EfficientNetV2: EfficientNet Strikes Again

EfficientNetV2: Smaller Models and Faster Training

1. INTRODUCTION

The paper introduces a new improvised version of EfficientNets, which are faster and have higher accuracy and parameter efficiency. With their improvised architecture they use progressive learning approach and adaptive regularization to train it. In this article, we will discuss the research paper in great detail.

2. Architecture Design

The paper claims that large image size used by EfficientNets results in significant memory usage, causing batch size to decrease and thereby increasing training time. To avoid this issue, they try to limit the image size to 480. They claim that depthwise convolutions caused training bottleneck in efficientNets. They are slow in early layers, but effective in later layers. So, they use Fused-MBConv blocks that replaces 1x1 convoluutional and depthwise 3x3 convolutions with regular 3x3 convolutions. They used neural architecture search to get optimal architecture having mixture of MBConv and Fused-MBConv.

Equally scaling up every layer cause sub-optimal solutions in EfficientNets. The paper uses non linear scaling by gradually adding more layers in the later stages. The later stage adds less to training speed. Also, later stages capture complex structures and hence required more in number. The NAS aims to jointly optimize accuracy, parameter efficiency and training efficiency. They use EfficientNet-B4 as a backbone. The NAS search for two convolutional blocks {MBConv, Fused-MBConv}, number of layers, kernel size {3x3, 5x5} and expansion ratio {1, 4, 6}. This search space is small compared to space used while efficinetNet. Thus, we can use NAS on bigger model, choosing EfficientNet-B4 as baseline. The resultant EfficientNetV2 model uses mixture of FUSED-MBConv and MBConv with FUSED-MBConv in early layers. EfficientNetV2 prefers smaller expansion ratio. EfficientNetV2 uses smaller 3x3 kernels, but more layers are added to compensate reduced receptive field resulted from smaller kernel size.

3. Progressive Learning

In Progressive learning, we train the model in few phases, where each phase has different image size.
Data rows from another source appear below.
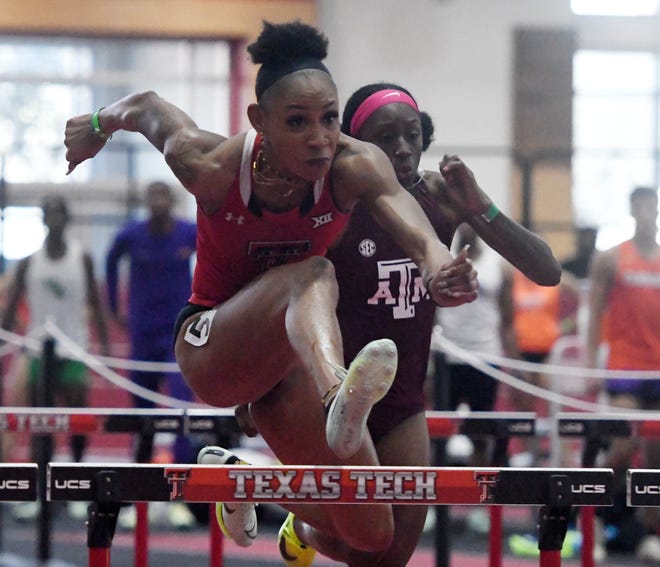 Demisha Roswell runs the 60-meter hurdles during Friday's Red Raider Open at the Sports Performance Center. Roswell broke the Texas Tech record for the second week in a row with a time of 7.98 seconds. Kentucky's Masai Russell broke the collegiate record in the same race by running 7.75.
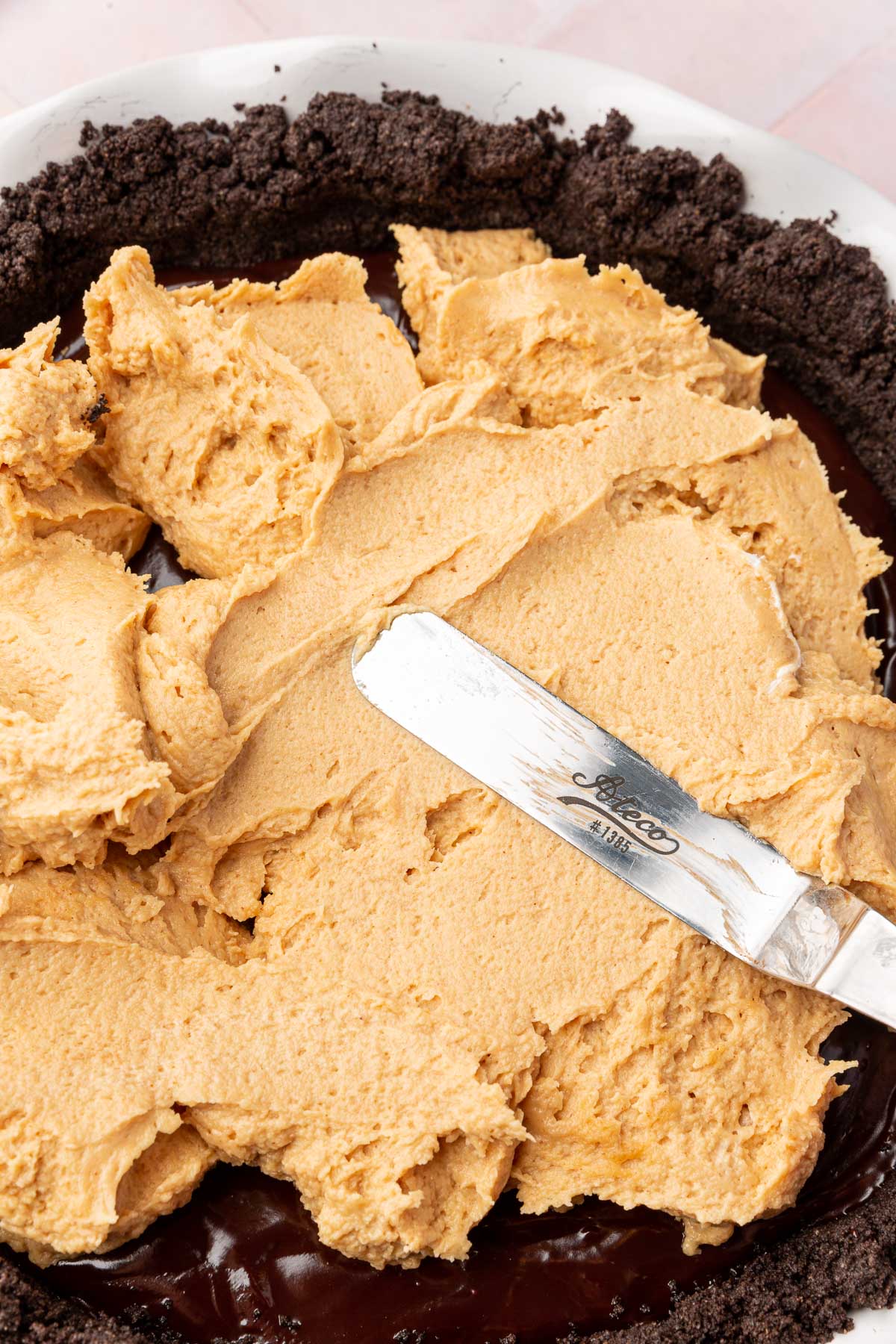 An offset spatula spreading a peanut butter filling over chocolate ganache on a gluten-free Oreo pie crust.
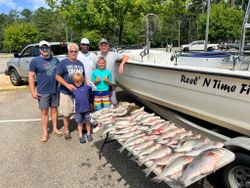 Six people enjoying a fishing trip in GA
However, previous use of progressive learning have caused drop in accuracy. The paper attributes the drop in accuracy to unbalanced use of regularization. They believe that larger models requires stronger regularization to combat overfitting , while smaller models requires weaker regularization. They divide the training into M steps: for each stage 1< i < M , the model is trained with image size Si and regularization magnitude Φ i = {φ ki }. The last stage M uses image size Se and regularization Φe. They interpolate to find vallues of ith stage.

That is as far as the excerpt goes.